# Van hire



## Guest (Feb 12, 2013)

Hi All!

Anyone knows if it is possible to hire a Van in Cyprus? We have a pallet coming to Limassol one week after we arrive and they want 200 euro just for the transport to the Paphos area.


Links?


Anders


----------



## PeteandSylv (Sep 24, 2008)

You certainly can hire vans here. While waiting at traffic lights yesterday I saw a banner advertising van hire including refrigerated. If I see it or any others I'll get the number for you. 

I would expect some car hire companies to offer vans too. There's always a market for this when crashed vans are off the road for repair.

Pete


----------



## Guest (Feb 12, 2013)

PeteandSylv said:


> You certainly can hire vans here. While waiting at traffic lights yesterday I saw a banner advertising van hire including refrigerated. If I see it or any others I'll get the number for you.
> 
> I would expect some car hire companies to offer vans too. There's always a market for this when crashed vans are off the road for repair.
> 
> Pete


Ok, Thanks!

I only found one online but they had many. Price was high though. I will surf on.

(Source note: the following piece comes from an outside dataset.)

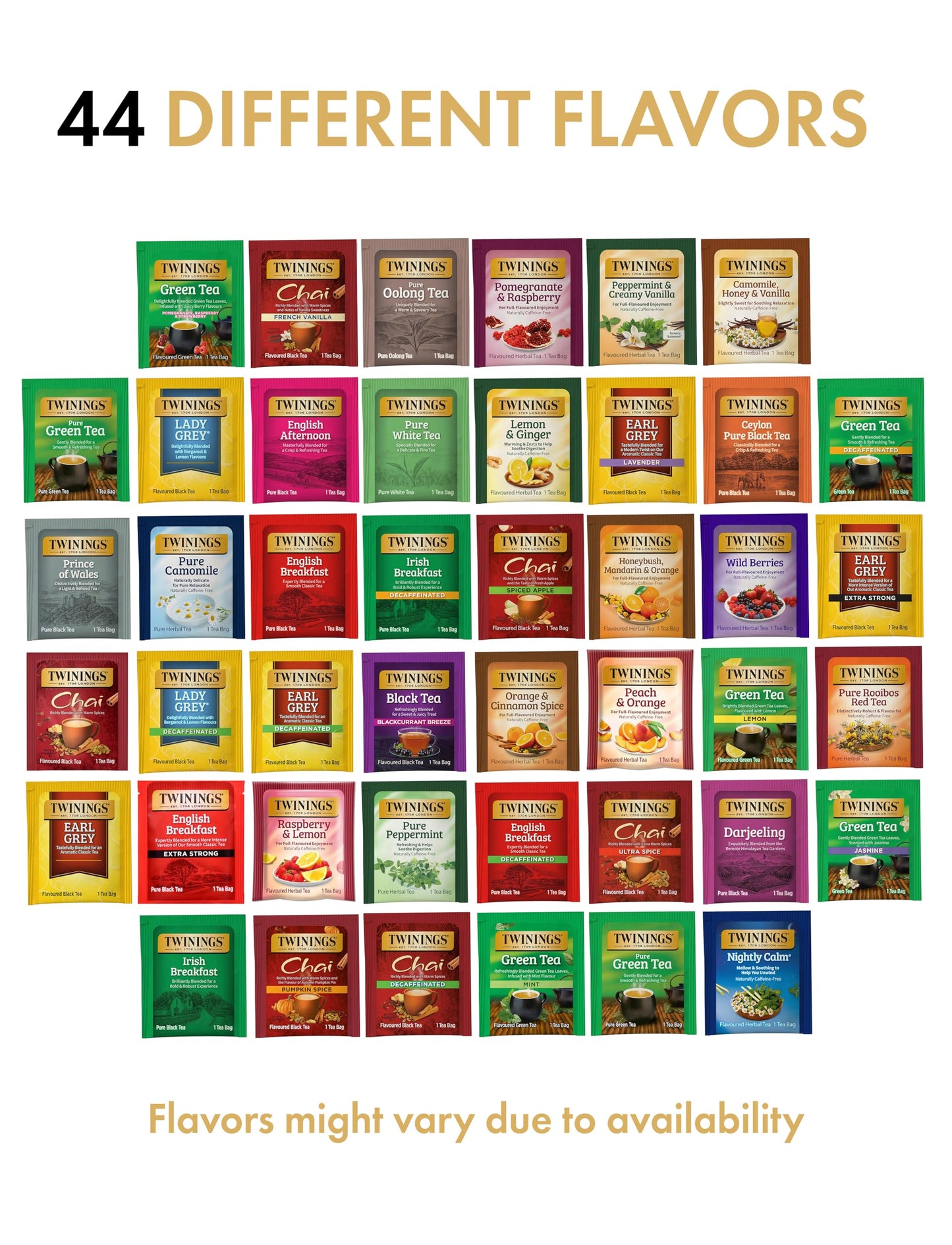 Twinings Tea Bag Sampler Assortment, Variety Pack (44 Count), 44 Unique Flavors for Tea Lovers: Women, Men, Couples, Family, Friends, Coworkers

I have not found any normal car rental with these kind of cars

Anders


----------



## PeteandSylv (Sep 24, 2008)

Vegaanders said:


> Ok, Thanks!
> 
> I only found one online but they had many. Price was high though. I will surf on.
> 
> ...


I think you will find van rental much higher than car rental anywhere. Its the implication that they are for commercial use. In Cyprus car hire insurance is a government scheme which may not apply to vans. This will also raise costs.

Good luck searching.

Pete


----------



## Pam n Dave (Jun 11, 2007)

Is that from Limassol docks??


----------



## Guest (Feb 13, 2013)

Pam n Dave said:


> Is that from Limassol docks??


Yes the pallet comes with Salamis Lines

Anders


----------



## Pam n Dave (Jun 11, 2007)

You should be able hire a double cabin for around 65 euro per day and the availability may be better in Limassol. I suspect that you may need to de-pallet the items though.


----------



## kmas100 (Dec 21, 2012)

Hi anders,

Just saw this ad...

High Top, long wheel base transit van available for moving goods anywhere in Cyprus at reasonable rates. Front and side loading. Located in Limassol but can work anywhere in Cyprus. Call for a no obligation quote. Call Jim on 99225240.


regards
Karolos


----------



## Guest (Feb 17, 2013)

kmas100 said:


> Hi anders,
> 
> Just saw this ad...
> 
> ...


Thank you very much!

I have also got another phone to call. I seems that my 2m x 1m x 1m pallet will be able to get from harbor


Anders


----------